• Problem to solve:
The data below should be restated word for word, pictures omitted.

※

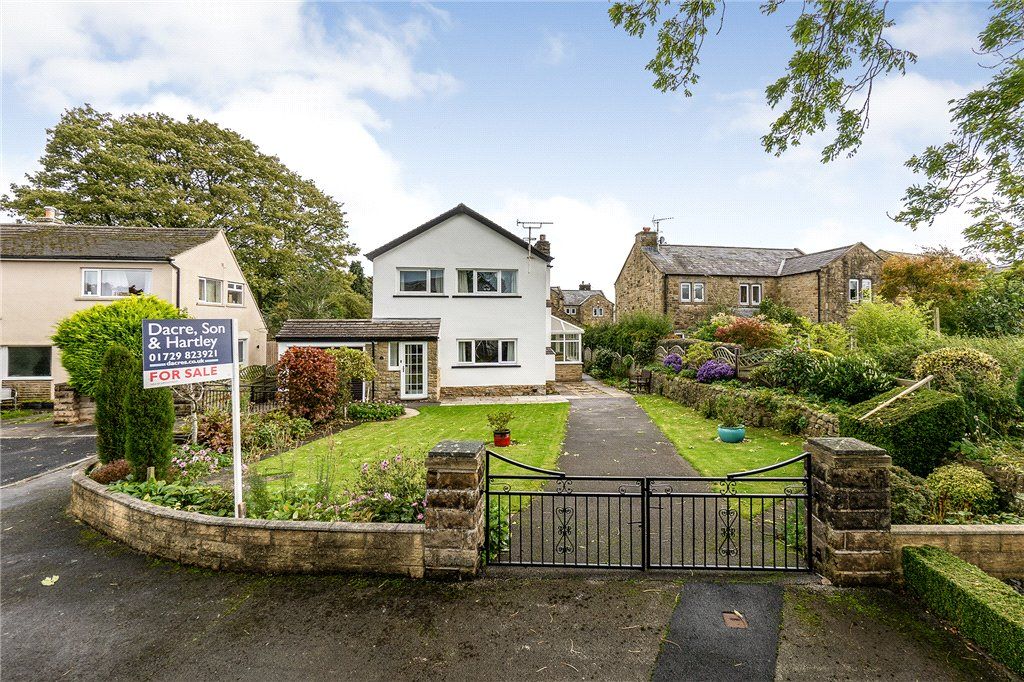 3 bed detached house for sale in Chapel Walk, Long Preston, Skipton, North Yorkshire BD23, £375,000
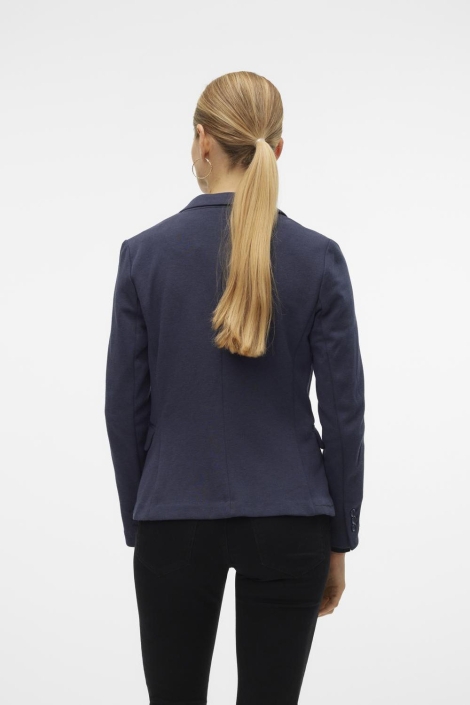 Vero Moda blauwe dames blazer | Model achteraanzicht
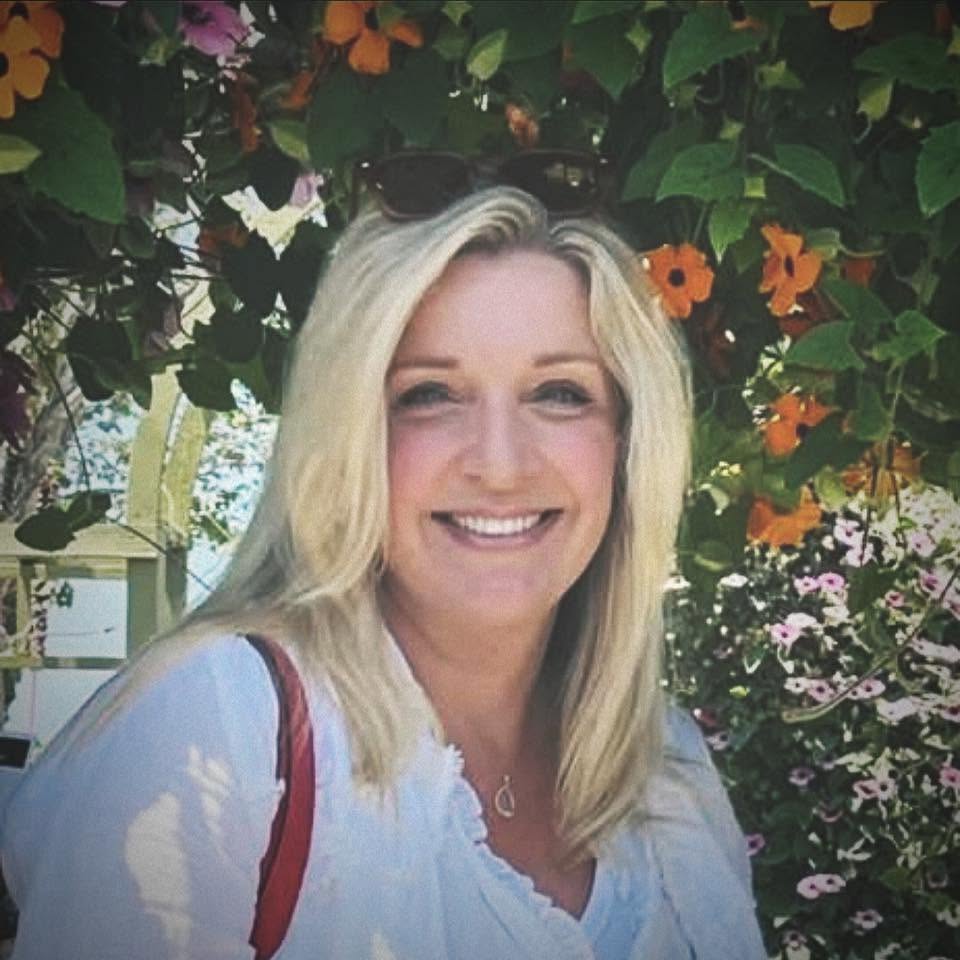 Susan @ From the Bay to the Beach profile picture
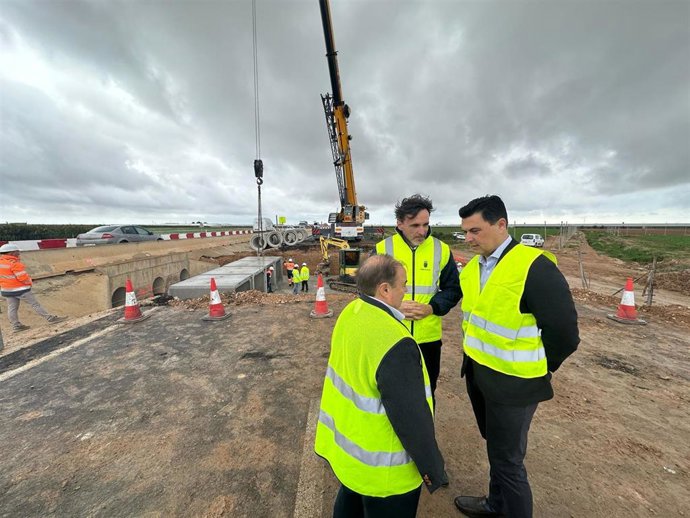El consejero de Fomento e Infraestructuras, Jorge García Montoro, acompañado del alcalde de San Javier, José Miguel Luengo, durante la colocación de los marcos para mejorar el drenaje en la autovía del Mar Menor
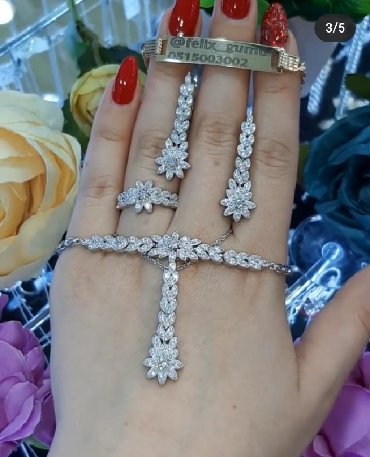 Digər bijuteriyalar: Gümüş dəst, qarnitur,üzük,sep ve daha çoxu üçün : Ünvan : Moskva — 10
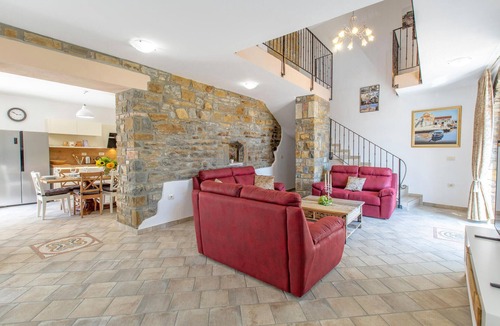 Koper House | Gorgeous home in Smarje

※

• Solution to this task:
 3 bed detached house for sale in Chapel Walk, Long Preston, Skipton, North Yorkshire BD23, £375,000
 Vero Moda blauwe dames blazer | Model achteraanzicht
 Susan @ From the Bay to the Beach profile picture
El consejero de Fomento e Infraestructuras, Jorge García Montoro, acompañado del alcalde de San Javier, José Miguel Luengo, durante la colocación de los marcos para mejorar el drenaje en la autovía del Mar Menor
 Digər bijuteriyalar: Gümüş dəst, qarnitur,üzük,sep ve daha çoxu üçün : Ünvan : Moskva — 10
 Koper House | Gorgeous home in Smarje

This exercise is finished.